After finding "Chicken Tikka Over" in a line below, print that line and the rest of the lines exactly, leaving out all pictures.
━━ GIVEN DATA ━━
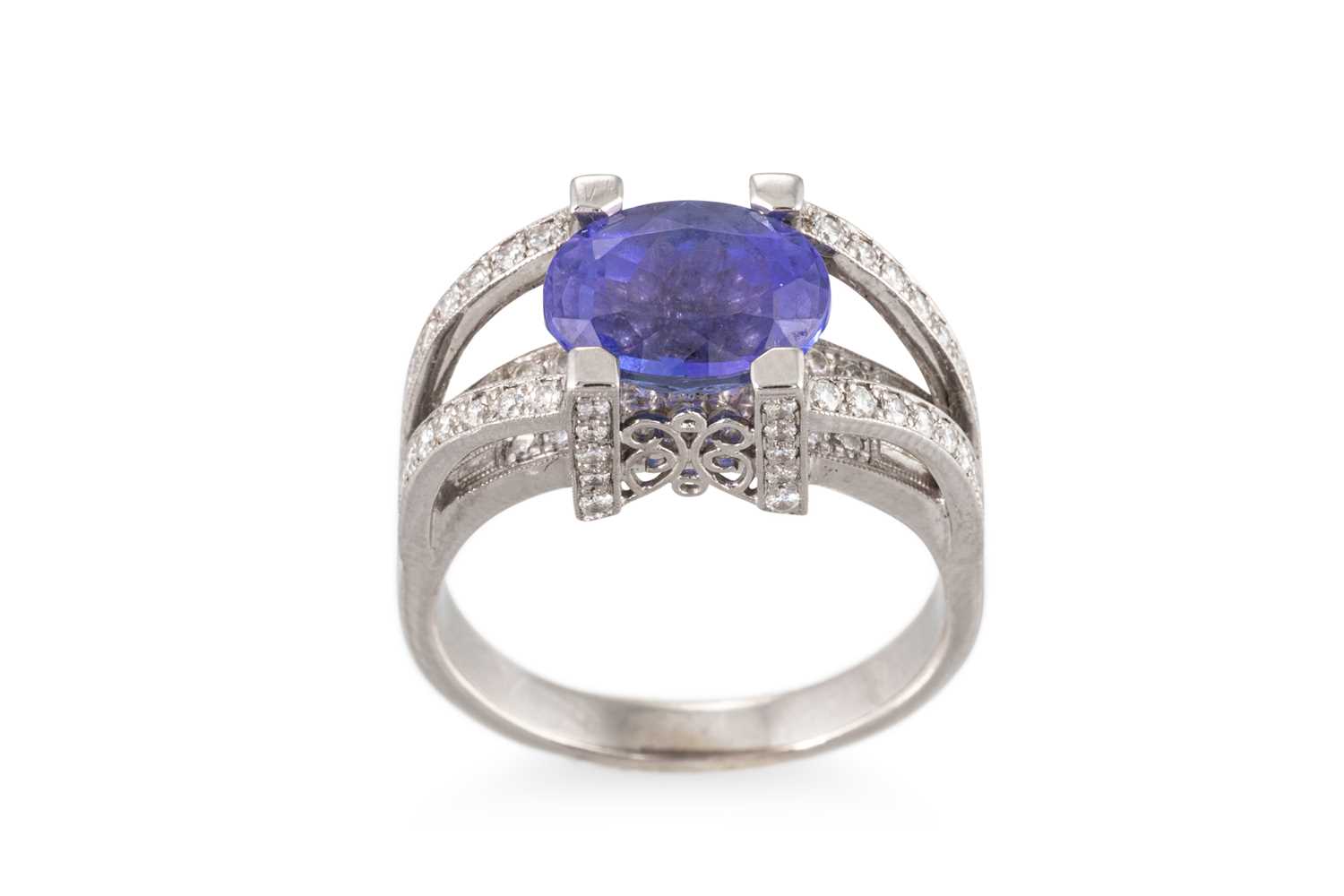 Lot 179 - A TANZANITE AND DIAMOND SET RING, the oval...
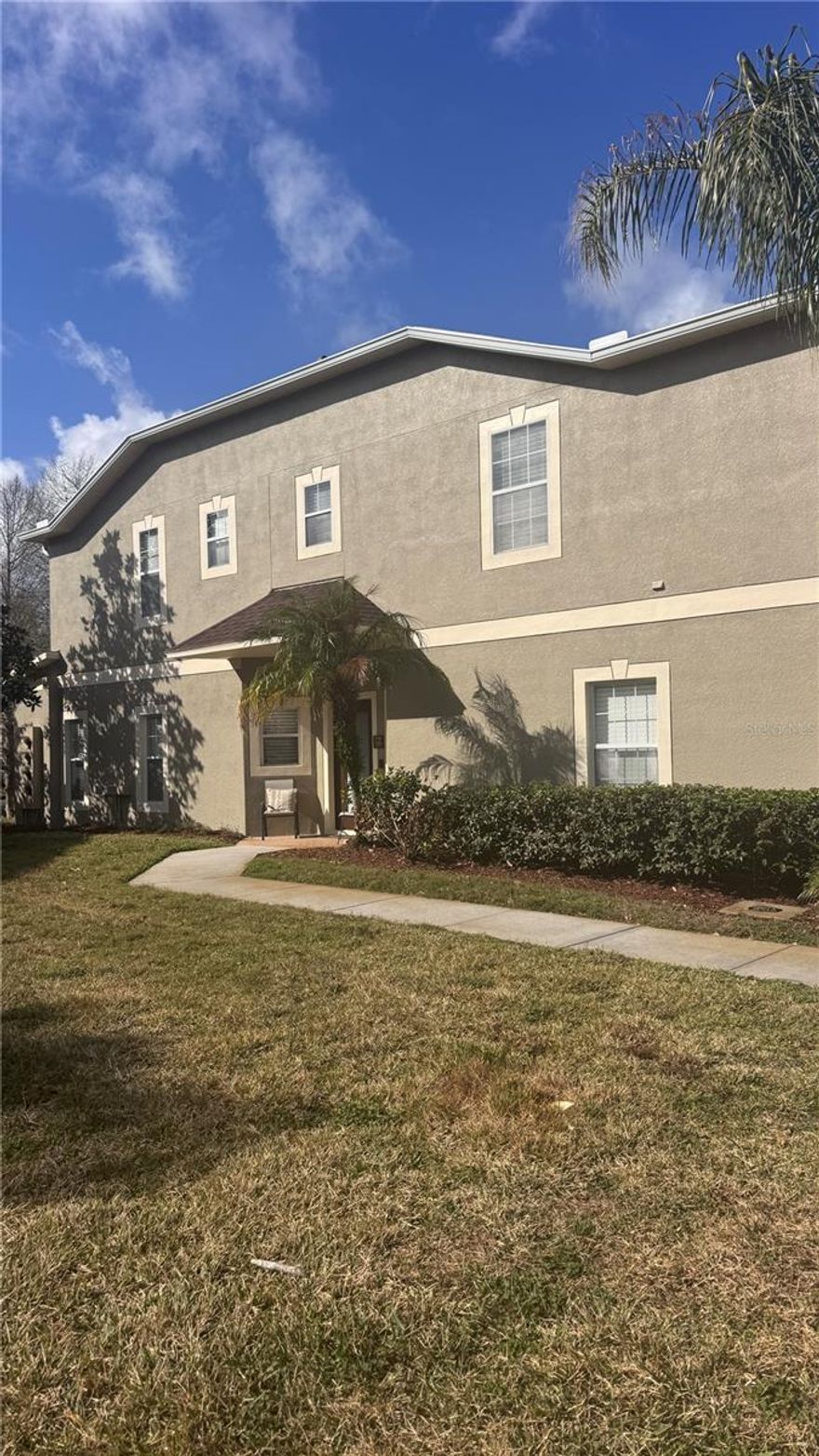 Upgrades?  Everywhere!  Extra parking?  Multiple places!!  Peaceful water view?  All day long!  Huge living space?  Obviously!!  FOUR bedrooms?  Yep!!  THREE bathrooms?  Yes, yes and yes!  Gated community?  Of course!  Add to this is an end unit with lots of windows and light and you have the PERFECT home with a convenient location, close to shopping, restaurants and highways.  Large side yard provides huge space for furry family members and the cul-de-sac location is perfect for outdoor play.  Stunning back yard with wide water view, trees beyond and screened lanai where you can watch beautiful sunsets every evening to calm the soul.  FIRST FLOOR BEDROOM AND BATH WITH THREE OTHER BEDROOMS UPSTAIRS AND TWO BATHS!  Water heater replaced in 2023.  A/C replaced in 2023.  HOA takes care of the roof that was replaced in 2023 also.  NEW dishwasher, NEW refrigerator, NEW microwave, NEW sink.  NEW granite in the bathrooms, NEW backsplash in kitchen, NEW kitchen cabinet doors and crown molding. NEW blinds, NEW medicine cabinet and NEW lanai pavers.  NEW ceiling fans in the bedrooms and barn doors on the upstairs laundry room.  WASHER AND DRYER STAY!   HOA fee covers WATER, TRASH and LANDSCAPING.  Located just south of SR56 so access to I75, Wiregrass Mall and the outlet mall and so many restaurants are just minutes away.  Easy access to multiple hospitals and entertainment.  Located in the back of the community so minimal cars, more open spaces and lots of parking.  This truly one of a kind home is a must see.  Easy to show!  Professional photos to be added soon.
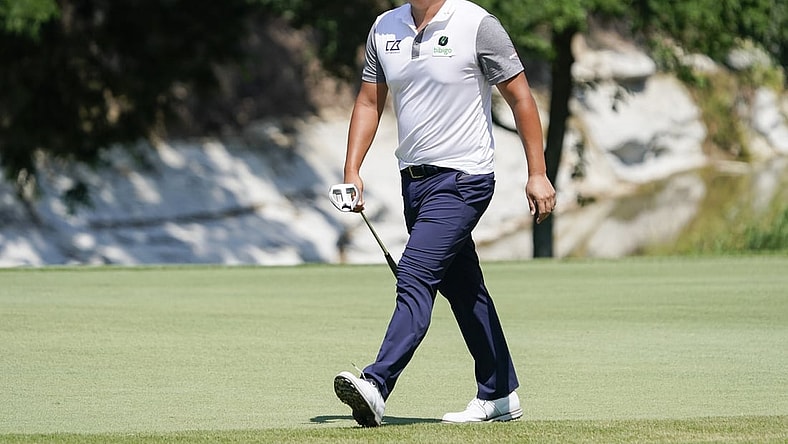 May 15, 2022; McKinney, Texas, USA; K.H. Lee  walks to the first green during the final round of the AT&T Byron Nelson golf tournament. Mandatory Credit: Raymond Carlin III-USA TODAY Sports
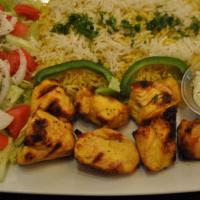 Chicken Tikka Over Rice · Two skewers with rice, salad and tzatziki sauce.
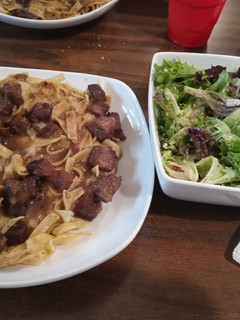 A picture of Beef and Noodles with Spring Salad.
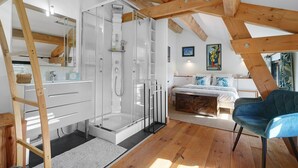 A modern bedroom with a wooden ceiling, a glass shower, a bed with blue bedding, and a blue chair. - Guest Room "Le Séchoir de Saint Vincent - Brame" near Sarlat – Pool, Wi-Fi, Air Conditioning (Saint-Vincent-le-Paluel)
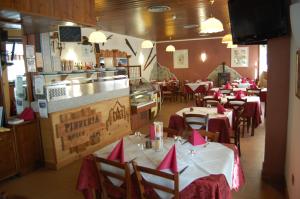 Restaurace v ubytování Hotel Delle Alpi + 10 fotografií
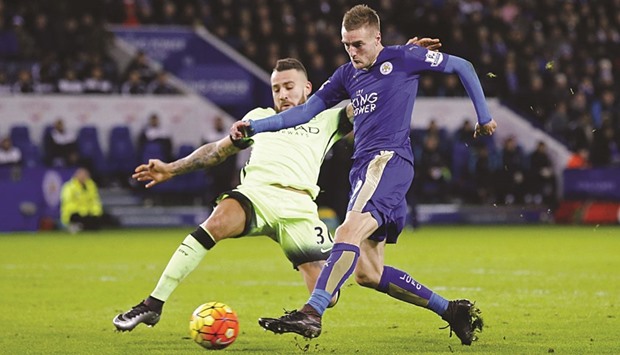 Leicester Cityu2019s Jamie Vardy shoots at goal past defender Nicolas Otamendi of Manchester City during the EPL match on Wednesday. (Reuters)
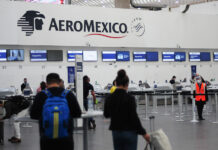 Passengers wait in line at an Aeromexico check in counter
━━━
■ RESPONSE FOR THIS EXERCISE ■
 Chicken Tikka Over Rice · Two skewers with rice, salad and tzatziki sauce.
 A picture of Beef and Noodles with Spring Salad.
 A modern bedroom with a wooden ceiling, a glass shower, a bed with blue bedding, and a blue chair. - Guest Room "Le Séchoir de Saint Vincent - Brame" near Sarlat – Pool, Wi-Fi, Air Conditioning (Saint-Vincent-le-Paluel)
 Restaurace v ubytování Hotel Delle Alpi + 10 fotografií
 Leicester Cityu2019s Jamie Vardy shoots at goal past defender Nicolas Otamendi of Manchester City during the EPL match on Wednesday. (Reuters)
 Passengers wait in line at an Aeromexico check in counter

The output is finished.